An exact copy of every record, without the pictures, is what should come back.
::: DATA LISTING
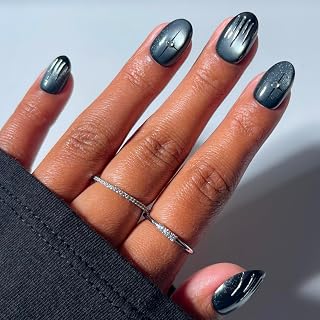 Glamnetic Halloween Press On Nails, Short Oval Cat-Eye, Silver Daggers | Halloween spooky press on nails: Silver Daggers. Full nail kit. Silver Glue on nails with haunting nail art. Fake nails.
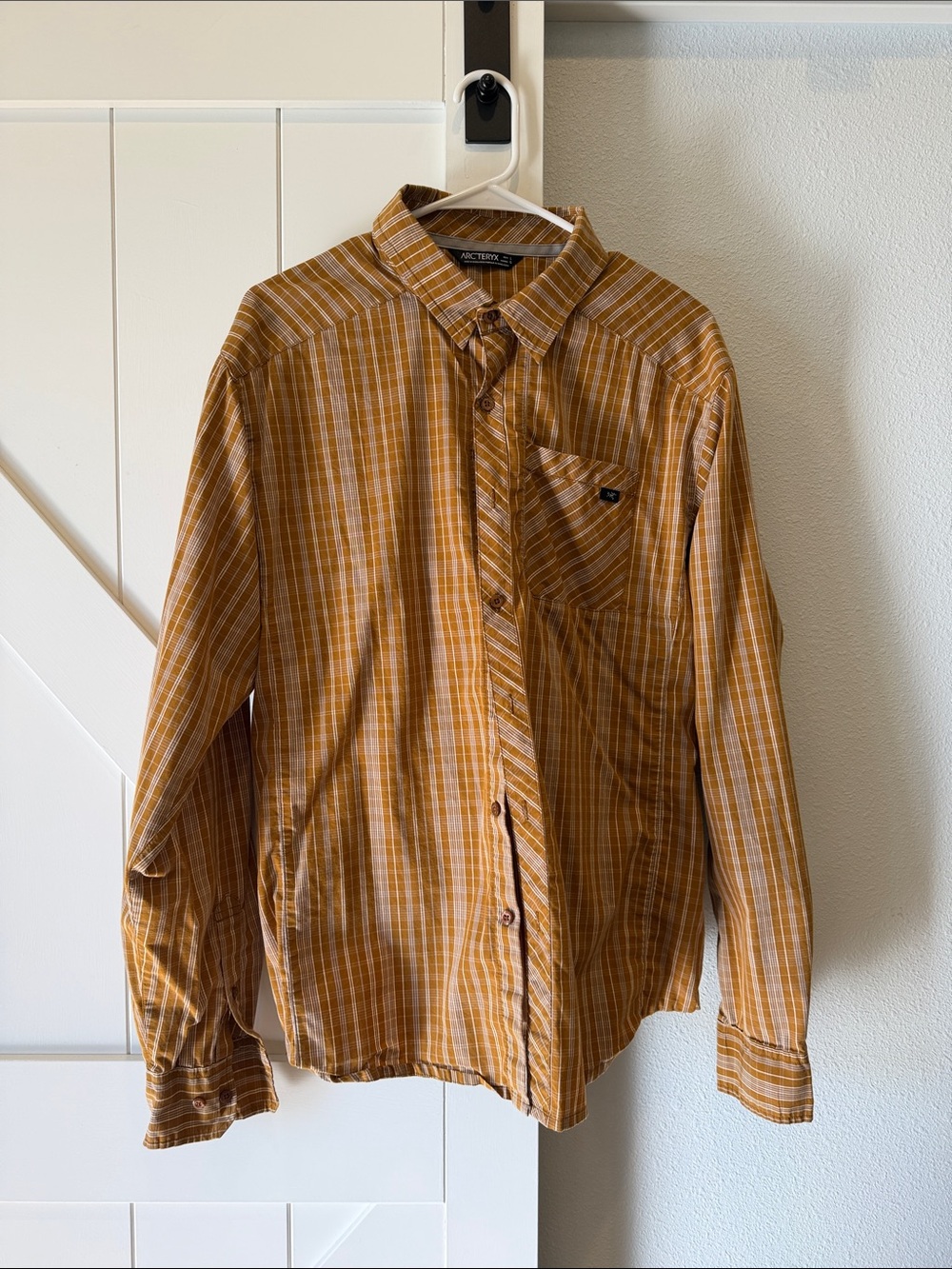 Arc'teryx Men's Mustard Orange Plaid Button-Down Shirt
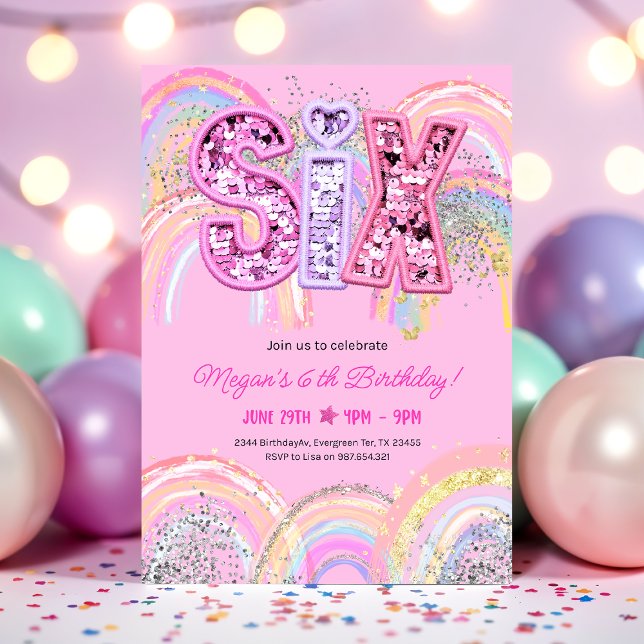 6-års födelsedagsregnbåge inbjudan (Rainbow Pastel Sequin 6th Birthday Pink Invitation)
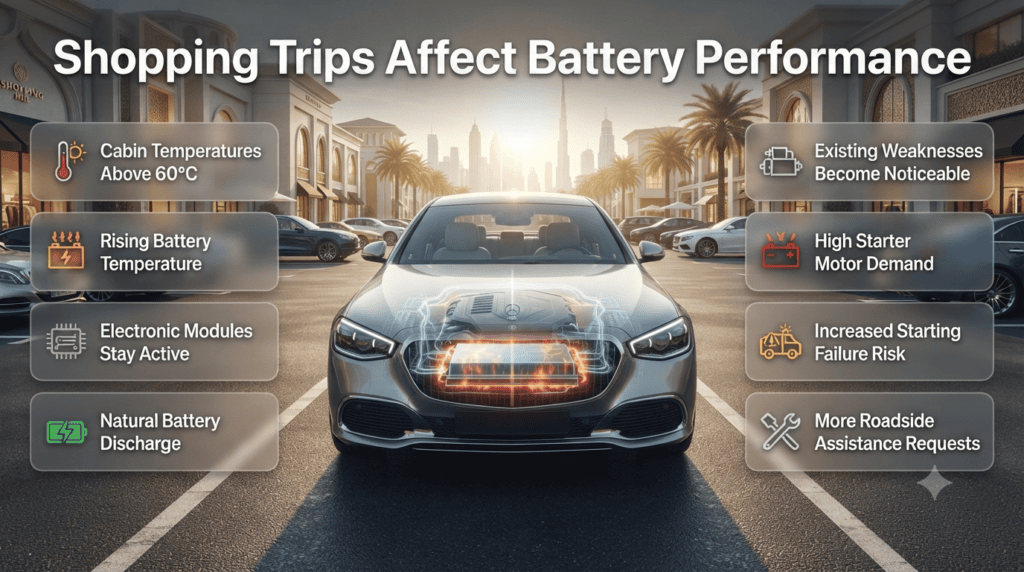 Infographic showing how extended parking at Dubai shopping malls increases battery temperature, electronic power drain, and the risk of starting failure.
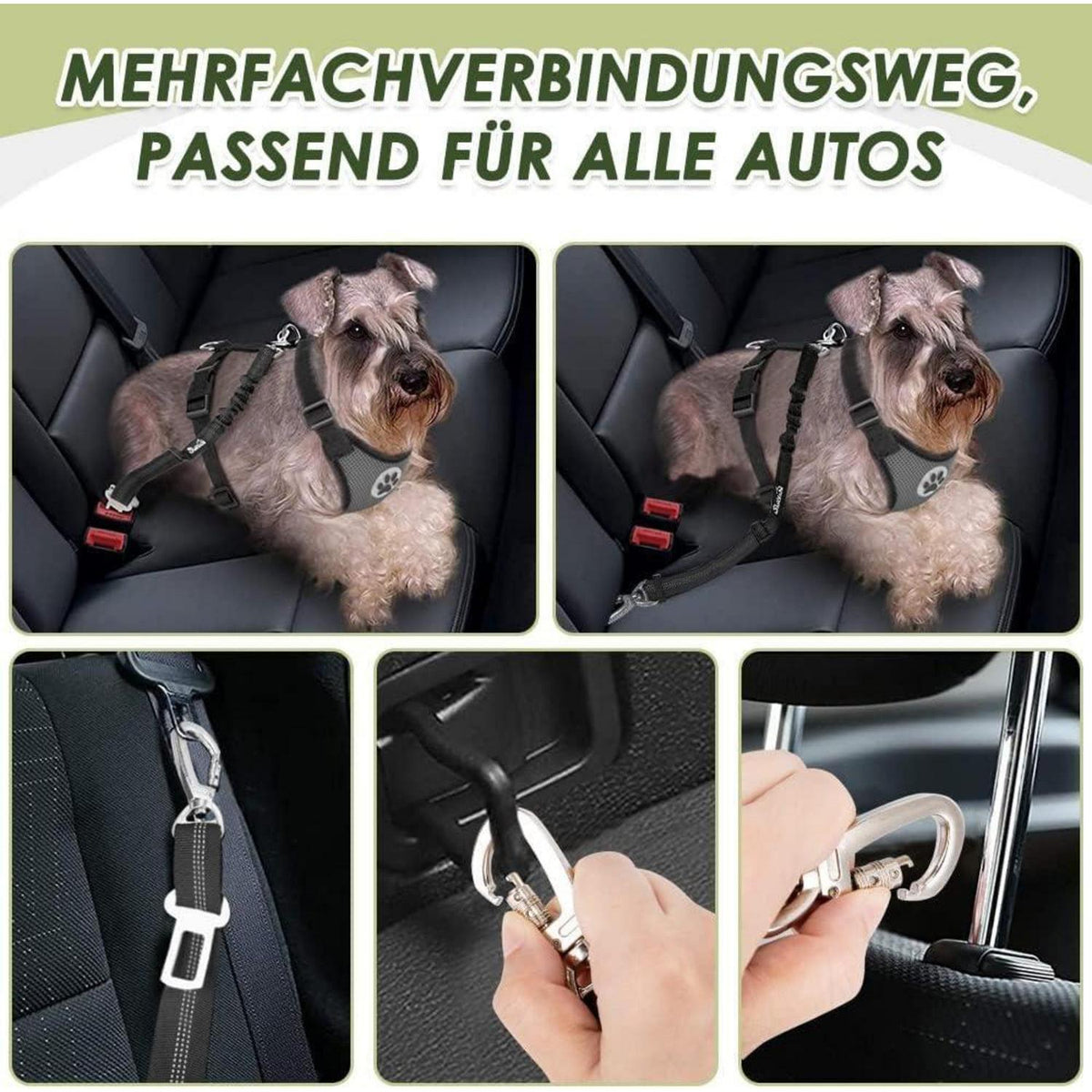 Hundegeschirr Auto Sicherheitsgurt Set Grau S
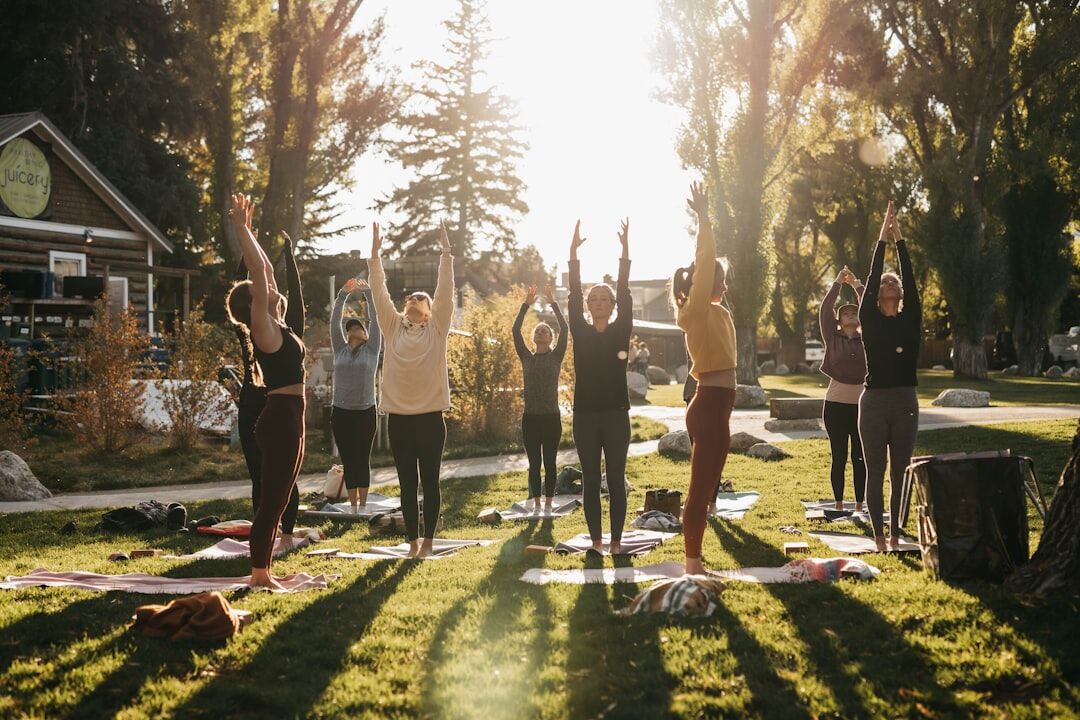 seniors doing yoga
::::::
### REPLY
 Glamnetic Halloween Press On Nails, Short Oval Cat-Eye, Silver Daggers | Halloween spooky press on nails: Silver Daggers. Full nail kit. Silver Glue on nails with haunting nail art. Fake nails.
 Arc'teryx Men's Mustard Orange Plaid Button-Down Shirt
 6-års födelsedagsregnbåge inbjudan (Rainbow Pastel Sequin 6th Birthday Pink Invitation)
 Infographic showing how extended parking at Dubai shopping malls increases battery temperature, electronic power drain, and the risk of starting failure.
 Hundegeschirr Auto Sicherheitsgurt Set Grau S
 seniors doing yoga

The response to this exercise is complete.